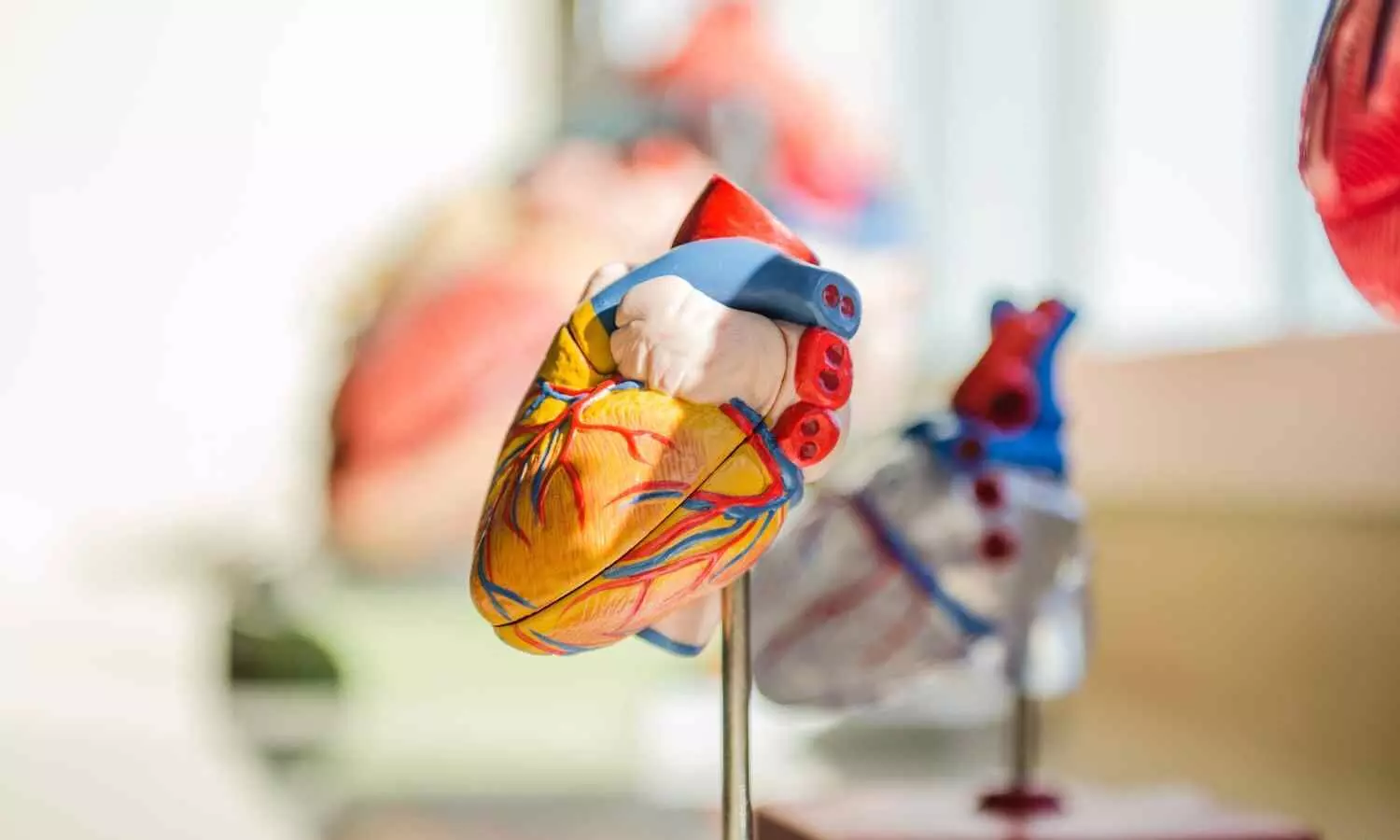 Bacteria from gum disease may cause inflammation, harden heart valves, reveals research Bacteria from gum disease may cause inflammation, harden heart valves, reveals research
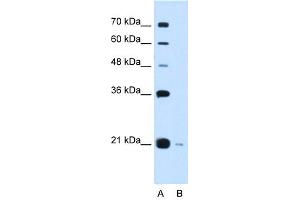 XTP3TPA antibody used at 0. (DCTPP1 antibody  (Middle Region))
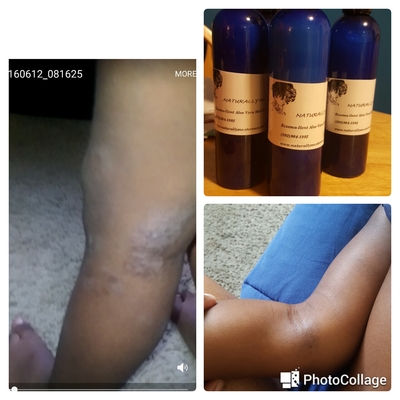 Eczema-llent Aloe Vera Skin Cream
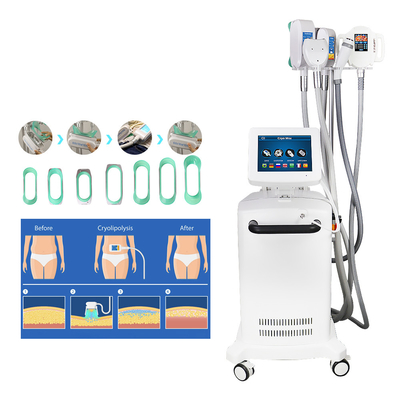Mesin Pelangsing Cryolipolysis Patung Pendingin Untuk Pengurangan Lemak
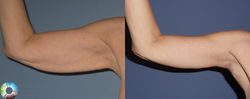 arm-lift-442-view-1-detail
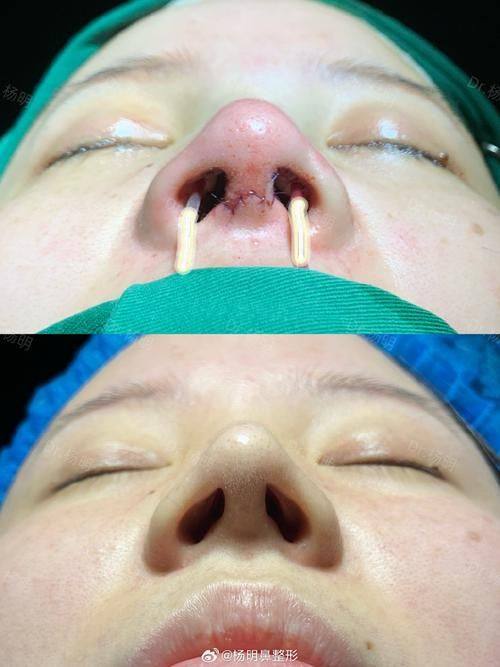 陳翰儒医生技术优势：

§ §

→ **WHAT THE TASK ASKS**: Your answer must be an exact copy of the records above, with no pictures included.

→ **RESULT OF THIS TASK**:
 Bacteria from gum disease may cause inflammation, harden heart valves, reveals research Bacteria from gum disease may cause inflammation, harden heart valves, reveals research
 XTP3TPA antibody used at 0. (DCTPP1 antibody  (Middle Region))
 Eczema-llent Aloe Vera Skin Cream
Mesin Pelangsing Cryolipolysis Patung Pendingin Untuk Pengurangan Lemak
 arm-lift-442-view-1-detail
 陳翰儒医生技术优势：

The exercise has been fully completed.